5. Known Limitations of Preprocessing

The tokenization and segmentation rules were kept as simple as possible:

  • a different character class (digit, letter, punctuation) always starts a new token,
  • adjacent punctuation characters are encoded as separate tokens.

This decision leads to some unpleasant differences in tokenization and segmentation compared to the "common standard" of Penn-Treebank-like annotation.

  • No abbreviations were searched for.

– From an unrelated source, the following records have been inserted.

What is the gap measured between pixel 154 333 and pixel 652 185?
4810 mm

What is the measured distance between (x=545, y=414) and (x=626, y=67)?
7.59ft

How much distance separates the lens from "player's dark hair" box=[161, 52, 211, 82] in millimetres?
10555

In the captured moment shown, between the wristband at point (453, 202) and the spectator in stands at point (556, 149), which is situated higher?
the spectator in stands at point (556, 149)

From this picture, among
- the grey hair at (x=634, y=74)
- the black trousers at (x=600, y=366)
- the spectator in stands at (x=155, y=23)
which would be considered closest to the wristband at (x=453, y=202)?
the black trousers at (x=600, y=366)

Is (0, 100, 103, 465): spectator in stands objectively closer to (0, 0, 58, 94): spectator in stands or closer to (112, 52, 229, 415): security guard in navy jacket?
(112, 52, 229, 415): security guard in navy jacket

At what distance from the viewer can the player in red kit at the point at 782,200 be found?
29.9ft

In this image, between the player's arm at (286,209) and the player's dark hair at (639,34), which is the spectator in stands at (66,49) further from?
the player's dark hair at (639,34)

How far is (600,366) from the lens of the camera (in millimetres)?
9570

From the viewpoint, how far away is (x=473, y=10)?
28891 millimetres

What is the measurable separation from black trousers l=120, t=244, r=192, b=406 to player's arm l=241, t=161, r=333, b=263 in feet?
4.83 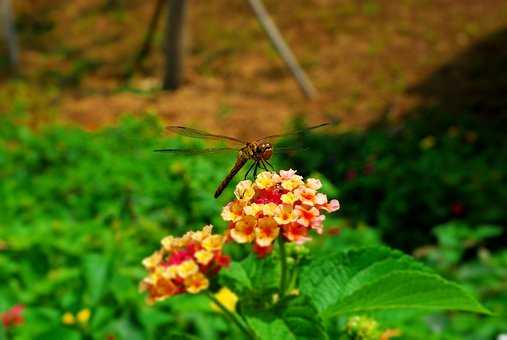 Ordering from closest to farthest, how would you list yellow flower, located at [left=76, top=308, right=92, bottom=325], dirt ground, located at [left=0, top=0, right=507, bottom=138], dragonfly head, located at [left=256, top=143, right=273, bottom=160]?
dragonfly head, located at [left=256, top=143, right=273, bottom=160], yellow flower, located at [left=76, top=308, right=92, bottom=325], dirt ground, located at [left=0, top=0, right=507, bottom=138]

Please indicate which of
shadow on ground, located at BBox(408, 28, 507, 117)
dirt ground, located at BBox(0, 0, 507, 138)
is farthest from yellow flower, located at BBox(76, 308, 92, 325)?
shadow on ground, located at BBox(408, 28, 507, 117)

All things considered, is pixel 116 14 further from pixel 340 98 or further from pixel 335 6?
pixel 340 98

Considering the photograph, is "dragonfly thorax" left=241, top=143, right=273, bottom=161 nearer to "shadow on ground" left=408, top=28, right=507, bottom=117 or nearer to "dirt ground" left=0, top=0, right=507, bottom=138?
"dirt ground" left=0, top=0, right=507, bottom=138

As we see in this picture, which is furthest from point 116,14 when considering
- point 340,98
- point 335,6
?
point 340,98

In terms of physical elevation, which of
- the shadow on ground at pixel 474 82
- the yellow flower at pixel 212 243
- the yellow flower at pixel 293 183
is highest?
the shadow on ground at pixel 474 82

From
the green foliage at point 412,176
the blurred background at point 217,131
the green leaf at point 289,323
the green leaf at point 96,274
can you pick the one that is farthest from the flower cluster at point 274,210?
the green foliage at point 412,176

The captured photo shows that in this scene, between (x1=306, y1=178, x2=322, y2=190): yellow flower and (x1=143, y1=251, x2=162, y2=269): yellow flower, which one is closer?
(x1=306, y1=178, x2=322, y2=190): yellow flower

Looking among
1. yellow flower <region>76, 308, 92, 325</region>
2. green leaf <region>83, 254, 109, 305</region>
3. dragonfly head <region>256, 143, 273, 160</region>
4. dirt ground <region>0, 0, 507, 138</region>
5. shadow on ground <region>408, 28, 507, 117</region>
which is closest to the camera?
dragonfly head <region>256, 143, 273, 160</region>

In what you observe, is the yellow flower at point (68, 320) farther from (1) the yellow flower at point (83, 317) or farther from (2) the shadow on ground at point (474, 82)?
(2) the shadow on ground at point (474, 82) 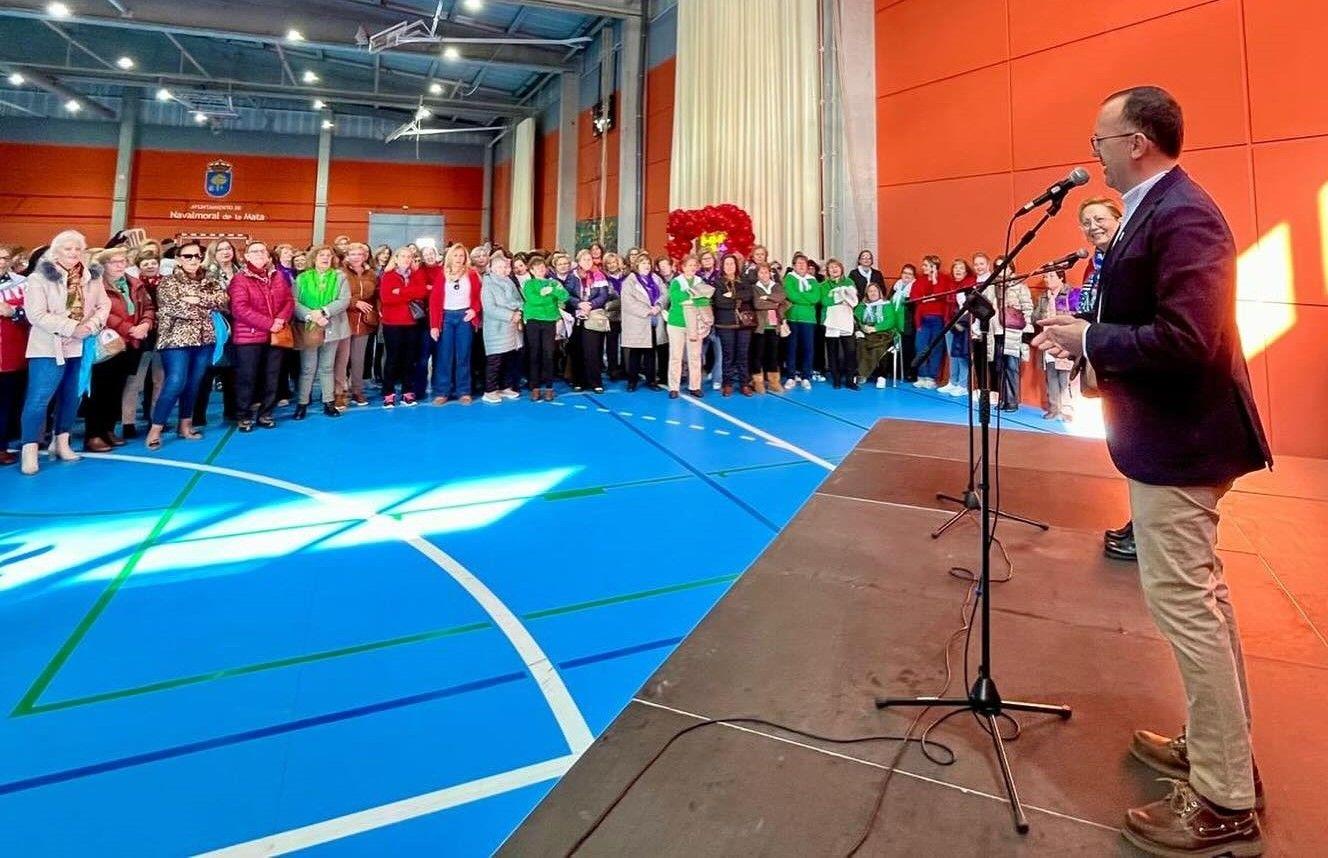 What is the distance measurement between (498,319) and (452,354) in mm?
651

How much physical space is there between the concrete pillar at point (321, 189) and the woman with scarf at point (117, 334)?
660 inches

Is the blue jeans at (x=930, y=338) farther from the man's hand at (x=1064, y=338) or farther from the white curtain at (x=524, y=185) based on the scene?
the white curtain at (x=524, y=185)

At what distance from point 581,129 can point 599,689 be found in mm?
15886

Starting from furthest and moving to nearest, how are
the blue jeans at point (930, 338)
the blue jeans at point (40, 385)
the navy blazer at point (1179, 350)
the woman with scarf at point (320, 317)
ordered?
the blue jeans at point (930, 338) < the woman with scarf at point (320, 317) < the blue jeans at point (40, 385) < the navy blazer at point (1179, 350)

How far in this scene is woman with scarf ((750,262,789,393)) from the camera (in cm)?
784

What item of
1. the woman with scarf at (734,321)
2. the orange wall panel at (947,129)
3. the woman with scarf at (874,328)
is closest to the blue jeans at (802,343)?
Answer: the woman with scarf at (874,328)

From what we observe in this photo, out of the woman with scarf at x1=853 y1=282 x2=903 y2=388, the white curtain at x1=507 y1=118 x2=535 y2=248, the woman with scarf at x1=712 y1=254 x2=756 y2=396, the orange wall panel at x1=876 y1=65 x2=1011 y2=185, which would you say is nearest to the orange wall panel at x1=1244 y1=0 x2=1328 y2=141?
the orange wall panel at x1=876 y1=65 x2=1011 y2=185

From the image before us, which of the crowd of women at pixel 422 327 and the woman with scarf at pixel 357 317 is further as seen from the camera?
the woman with scarf at pixel 357 317

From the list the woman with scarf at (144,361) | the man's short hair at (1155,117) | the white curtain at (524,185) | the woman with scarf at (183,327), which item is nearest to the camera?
the man's short hair at (1155,117)

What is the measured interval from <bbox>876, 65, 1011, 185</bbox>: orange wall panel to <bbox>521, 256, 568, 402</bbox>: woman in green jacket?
204 inches

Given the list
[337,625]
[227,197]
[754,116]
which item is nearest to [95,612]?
[337,625]

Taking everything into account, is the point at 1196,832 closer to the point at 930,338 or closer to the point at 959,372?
the point at 959,372

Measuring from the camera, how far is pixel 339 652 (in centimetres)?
229

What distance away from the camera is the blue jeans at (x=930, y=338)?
8.27m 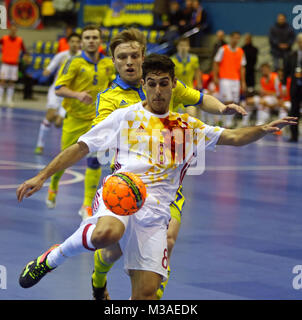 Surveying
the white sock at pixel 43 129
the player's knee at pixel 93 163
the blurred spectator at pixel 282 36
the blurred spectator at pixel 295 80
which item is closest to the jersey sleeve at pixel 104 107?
the player's knee at pixel 93 163

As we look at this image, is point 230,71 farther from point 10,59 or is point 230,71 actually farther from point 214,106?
point 214,106

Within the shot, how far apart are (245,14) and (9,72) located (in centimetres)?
818

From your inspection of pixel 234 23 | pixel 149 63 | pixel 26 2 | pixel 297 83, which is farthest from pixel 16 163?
pixel 26 2

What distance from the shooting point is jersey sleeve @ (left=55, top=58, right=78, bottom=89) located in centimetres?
1031

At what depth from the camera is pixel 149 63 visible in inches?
227

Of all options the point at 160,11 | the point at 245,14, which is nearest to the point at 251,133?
the point at 245,14

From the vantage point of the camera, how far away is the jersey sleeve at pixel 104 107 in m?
6.69

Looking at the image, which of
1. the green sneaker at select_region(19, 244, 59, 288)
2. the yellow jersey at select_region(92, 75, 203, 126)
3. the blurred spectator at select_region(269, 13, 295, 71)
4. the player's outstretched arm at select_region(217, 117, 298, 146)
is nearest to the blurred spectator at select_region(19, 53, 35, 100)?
the blurred spectator at select_region(269, 13, 295, 71)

This hurts especially with titles (Dr.) or abbreviated names (O. Bojar), because a period followed by an upper-case letter is treated as the sentence boundary. All such expressions are thus splitted into several sentences.
  • Consecutive periods (...) lead to a sequence of one-token sentences.

6. Sentence Alignment

The documents were sentence-aligned using hunalign (http://mokk.bme.hu/resources/hunalign), a freely available tool.

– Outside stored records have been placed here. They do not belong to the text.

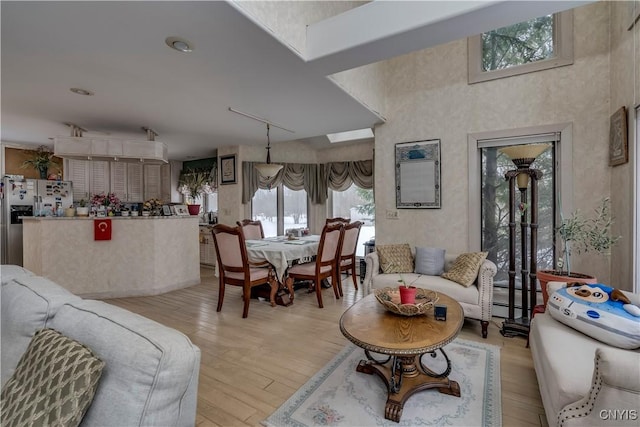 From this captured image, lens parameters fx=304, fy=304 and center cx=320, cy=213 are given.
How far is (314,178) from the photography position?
6289mm

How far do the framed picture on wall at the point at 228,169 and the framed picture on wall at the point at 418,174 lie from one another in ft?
10.4

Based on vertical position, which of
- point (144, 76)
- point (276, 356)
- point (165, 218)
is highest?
point (144, 76)

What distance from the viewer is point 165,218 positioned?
4504 mm

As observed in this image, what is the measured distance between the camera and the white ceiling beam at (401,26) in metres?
1.91

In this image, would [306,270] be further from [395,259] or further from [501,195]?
[501,195]

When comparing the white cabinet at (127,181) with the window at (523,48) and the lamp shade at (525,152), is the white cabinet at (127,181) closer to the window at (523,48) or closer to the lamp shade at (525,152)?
the window at (523,48)

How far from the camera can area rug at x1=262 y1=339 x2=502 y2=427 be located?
1.75 m

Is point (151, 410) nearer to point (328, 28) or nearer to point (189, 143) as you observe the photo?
point (328, 28)

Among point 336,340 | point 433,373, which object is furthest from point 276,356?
point 433,373

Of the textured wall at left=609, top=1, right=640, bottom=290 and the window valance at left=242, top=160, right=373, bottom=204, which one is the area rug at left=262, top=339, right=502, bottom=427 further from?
the window valance at left=242, top=160, right=373, bottom=204

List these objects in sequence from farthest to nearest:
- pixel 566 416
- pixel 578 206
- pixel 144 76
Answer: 1. pixel 578 206
2. pixel 144 76
3. pixel 566 416

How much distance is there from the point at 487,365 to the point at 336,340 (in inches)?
48.2

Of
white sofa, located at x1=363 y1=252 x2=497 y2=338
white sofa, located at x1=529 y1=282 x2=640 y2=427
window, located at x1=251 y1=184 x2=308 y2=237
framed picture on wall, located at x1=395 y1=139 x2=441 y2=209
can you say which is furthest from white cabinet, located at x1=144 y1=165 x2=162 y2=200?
white sofa, located at x1=529 y1=282 x2=640 y2=427

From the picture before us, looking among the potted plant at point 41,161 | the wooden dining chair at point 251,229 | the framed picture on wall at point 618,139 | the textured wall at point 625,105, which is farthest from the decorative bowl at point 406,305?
the potted plant at point 41,161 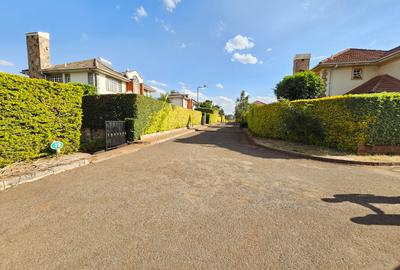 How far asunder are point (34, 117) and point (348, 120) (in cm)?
1156

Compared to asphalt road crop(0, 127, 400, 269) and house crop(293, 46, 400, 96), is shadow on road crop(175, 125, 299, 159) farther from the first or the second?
house crop(293, 46, 400, 96)

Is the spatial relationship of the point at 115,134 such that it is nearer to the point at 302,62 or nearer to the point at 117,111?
the point at 117,111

All the settings were kept default and we did not use any dictionary to bootstrap from. Hunalign collected its own temporary dictionary to improve sentence-level alignments.

The number of alignments pairs according to the number of sentences on the English and Czech side is given in the following table:

English-Czech 1-1 0-1 1-2 2-1 1-0 1-3 0-2 3-1 Other
Alignment pairs924,54397,92970,87969,55864,49023,5388,5266,76824,943
 71.6% 7.6% 5.5% 5.4% 5.0% 1.8% 0.7%0.5%1.9%

7. Data Formats and File Naming Convention

In CzEng 0.5, each document pair is represented by three files:

  • *-en.xml - XML file containing the English text structured according to czeng05-text.dtd. Historically, we call this the 'f2' format.
  • *-cs.xml - XML file containing the Czech counterpart structured according to the same DTD
  • *-salign.xml - XML file containing the sentence alignment of the two texts, represented as pairs (???) of identifiers of the corresponding sentences according to czeng05-alignment.dtd

Example:

  • Sample from the file data/books/books-two_towers-en.xml

     ...
     <s id='books-two_towers-en-c1p2s6'>
       <w id='books-two_towers-en-c1p2s6w1'>I</w>
       <w id='books-two_towers-en-c1p2s6w2'>wonder</w>
       <w id='books-two_towers-en-c1p2s6w3'>what</w>
       <w id='books-two_towers-en-c1p2s6w4'>he</w>
       <w id='books-two_towers-en-c1p2s6w5'>saw</w>
       <w id='books-two_towers-en-c1p2s6w6' no_space_after='1'>there</w>
       <w id='books-two_towers-en-c1p2s6w7'>?</w>
     </s>
     <s id='books-two_towers-en-c1p2s7'>
       <w id='books-two_towers-en-c1p2s7w1'>But</w>
       <w id='books-two_towers-en-c1p2s7w2'>he</w>
       <w id='books-two_towers-en-c1p2s7w3'>returned</w>
     ...
    

  • Sample from the file data/books/books-two_towers-cs.xml

     ...
     <s id='books-two_towers-cs-c1p3s7'>
      <w id='books-two_towers-cs-c1p3s7w1'>Co</w>
      <w id='books-two_towers-cs-c1p3s7w2'>tam</w>
      <w id='books-two_towers-cs-c1p3s7w3'>asi</w>
      <w id='books-two_towers-cs-c1p3s7w4' no_space_after='1'>uviděl</w>
      <w id='books-two_towers-cs-c1p3s7w5'>?</w>
     </s>
     <s id='books-two_towers-cs-c1p3s8'>
      <w id='books-two_towers-cs-c1p3s8w1'>Vracel</w>
      <w id='books-two_towers-cs-c1p3s8w2'>se</w>
      <w id='books-two_towers-cs-c1p3s8w3'>ale</w>
     ...
    

  • Sample from the file data/books/books-two_towers-salign.xml

     ...
    <pair type="1-1">
      <members1>
        <member idref="books-two_towers-en-c1p2s6"/>
      </members1>
      <members2>
        <member idref="books-two_towers-cs-c1p3s7"/>
      </members2>
    </pair>
    <pair type="1-1">
      <members1>
        <member idref="books-two_towers-en-c1p2s7"/>
      </members1>
      <members2>
        <member idref="books-two_towers-cs-c1p3s8"/>
      </members2>
    </pair>
     ...
    
    

8. Tools

The following simple tools for manipulating with CzEng files are included in tools/:

  • restrict_f2_to_11_alignments.pl restricts CzEng text files to contain only sentences that are aligned 1-to-1, accoring the corresponding .salign file.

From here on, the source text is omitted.